My next task would be to write the INPUT filter rules. But, I just don't know how I can figure out what traffic is meant for the webserver, of what traffic is for one of the subnets. I'll try to write how I see it now, please correct me where I'm wrong:

- The IP's for the web traffic get changed in the prerouting chain, so I cant use the WEB_IP_1 or WEB_IP_2 to filter the traffic for the webserver out, because the NAT will happen before the filtering.

- The IP's for subnet 2 and 3 only change in the postrouting chain, so I can filter them out by using '-d $SURF_IP'.

- The packets go through the (used) tables like this: PREROUTING - INPUT - FORWARD - OUTPUT - POSTROUTING

Plz correct me if I'm wrong. A site with more information about how all tables and chains follow eachother would be great too.
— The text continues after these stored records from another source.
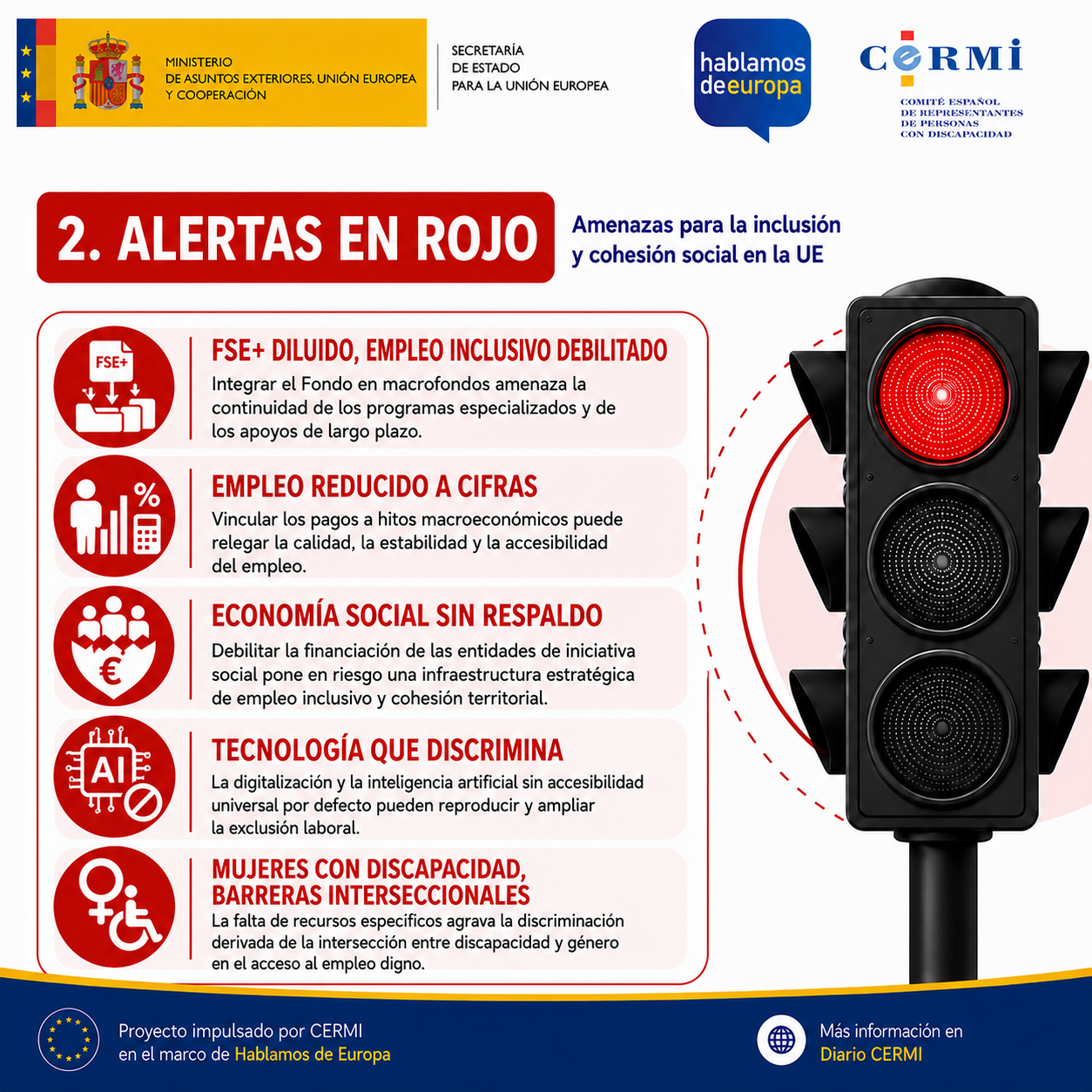 Diapositiva en rojo con las amenazas para el empleo inclusivo: integrar el Fondo Social Europeo Plus en macrofondos pone en riesgo los programas especializados y los apoyos de larga duración; vincular los pagos a hitos macroeconómicos puede relegar la calidad, la estabilidad y la accesibilidad del empleo; debilitar la financiación de las entidades de iniciativa social compromete una infraestructura estratégica de empleo inclusivo; y la digitalización y la inteligencia artificial sin accesibilidad universal por defecto pueden ampliar la exclusión laboral.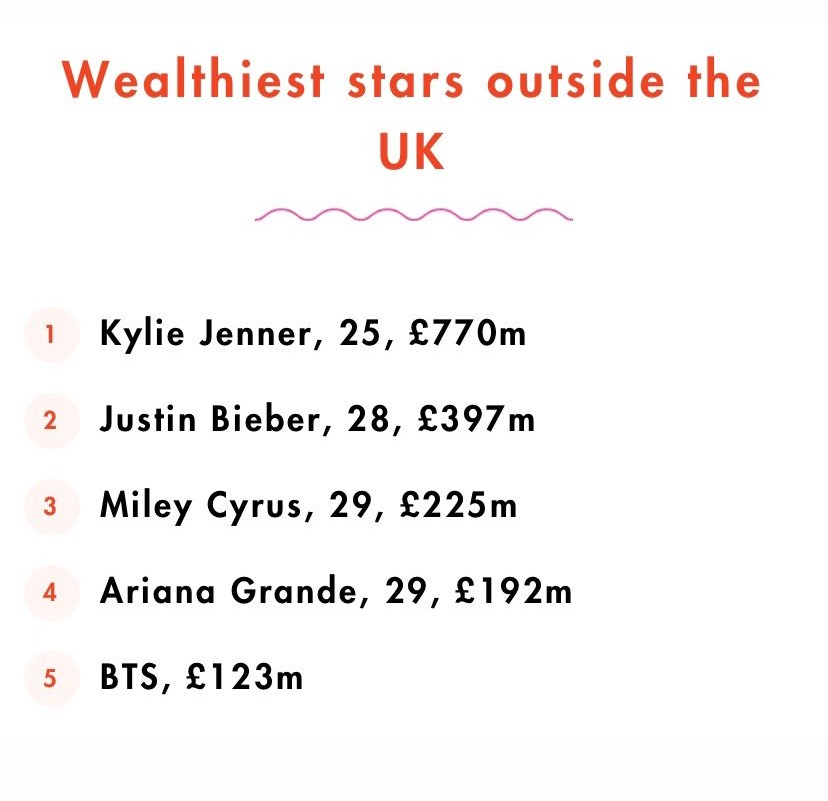 Miley Data On Twitter MileyCyrus Is The Richest Female Artist Under miley-data-on-twitter-mileycyrus-is-the-richest-female-artist-under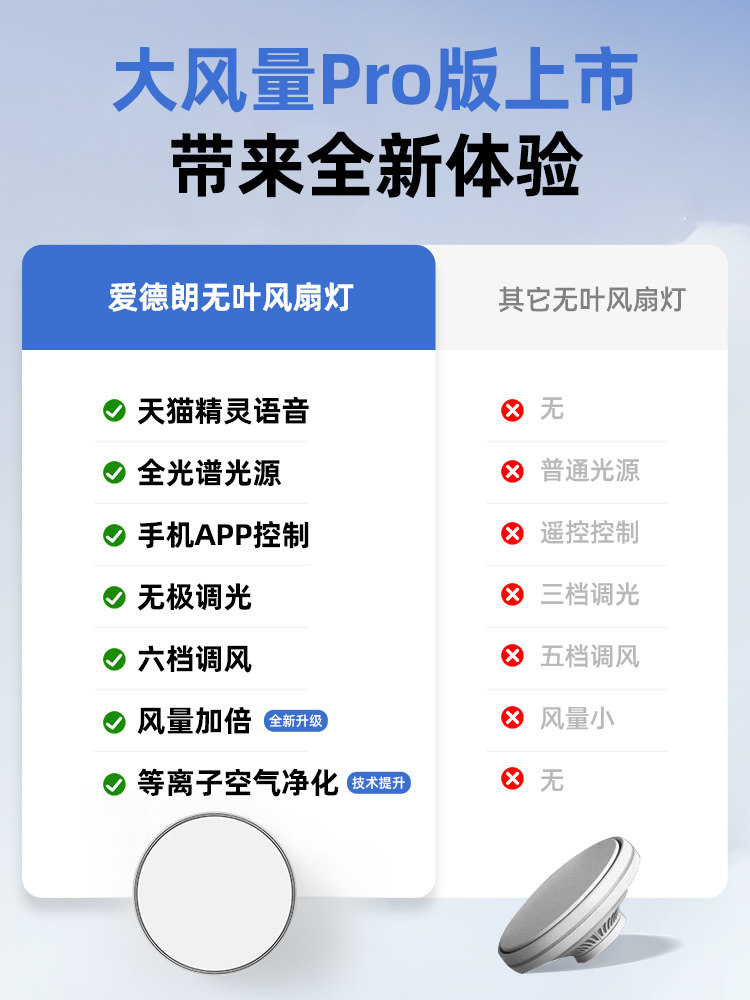 Full-Spectrum Bladeless Fan Light for Bedroom, Invisible 2025 New Model, Silent Ceiling Fan for Master Bedroom, Room Fan, Ceiling Fan Light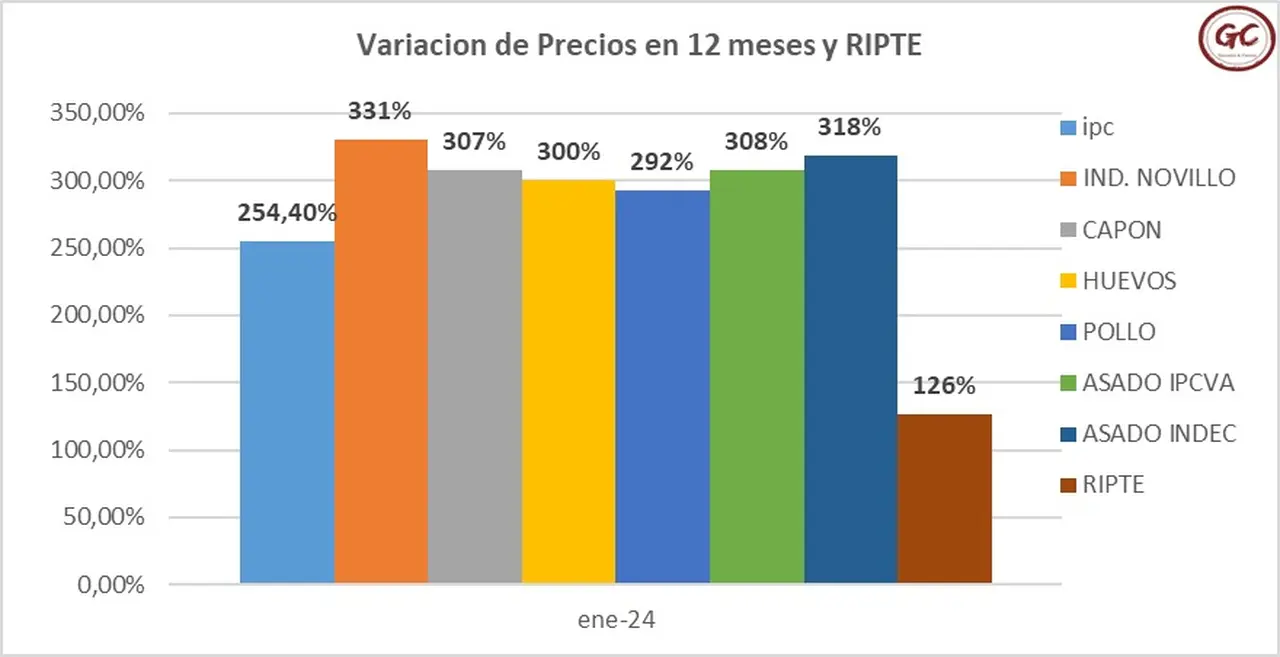 Variación de precios en el último año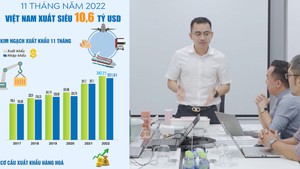 Chuyển động thị trường | 11 tháng, Việt Nam xuất siêu 10,6 tỉ USD; Ngành sản xuất nhựa đón đầu cơ hội phát triển mới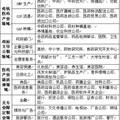 药科类大学毕业生入职岗位分类调查研究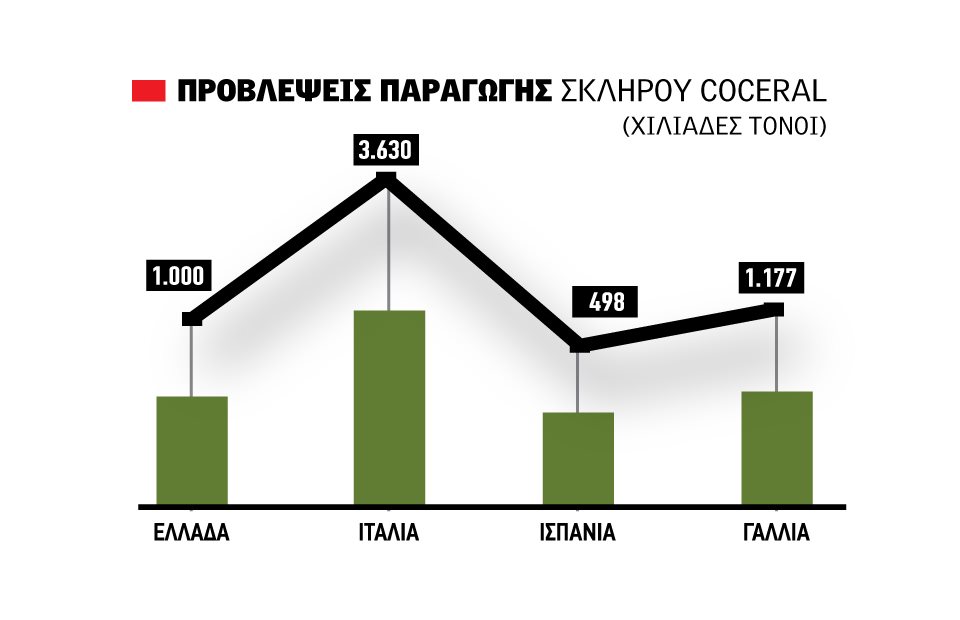 Με καλά κιλά, αλλά και με χαμηλές πρωτεΐνες συζητήσεις για 21 λεπτά στο σκληρό, συμβόλαια στα 24, νόημα… στα 28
Thx!

----------

## pjp

There's an iptables tutorial ( http://iptables-tutorial.frozentux.net/iptables-tutorial.html ) that many recommend.  It isn't a place to find quick solutions, but to take a while and really learn iptables.

----------

## ikke

 *RealNitro wrote:*   

> I read this (http://iptables-tutorial.frozentux.net/iptables-tutorial.html) tutorial, but it's still difficult for me to figure out how the packets flow through the different tables.

 

 :Smile: 

----------

## tutaepaki

Packets flow through iptables as follows...

PREROUTING(mangle) -> PREROUTING(nat) -> routing decision

then they go EITHER (based on the routing decision)

FORWARD(mangle) -> FORWARD(filter)

or

INPUT(mangle) -> INPUT(filter) -> local process -> OUTPUT(mangle) -> OUTPUT(nat) -> OUTPUT(filter)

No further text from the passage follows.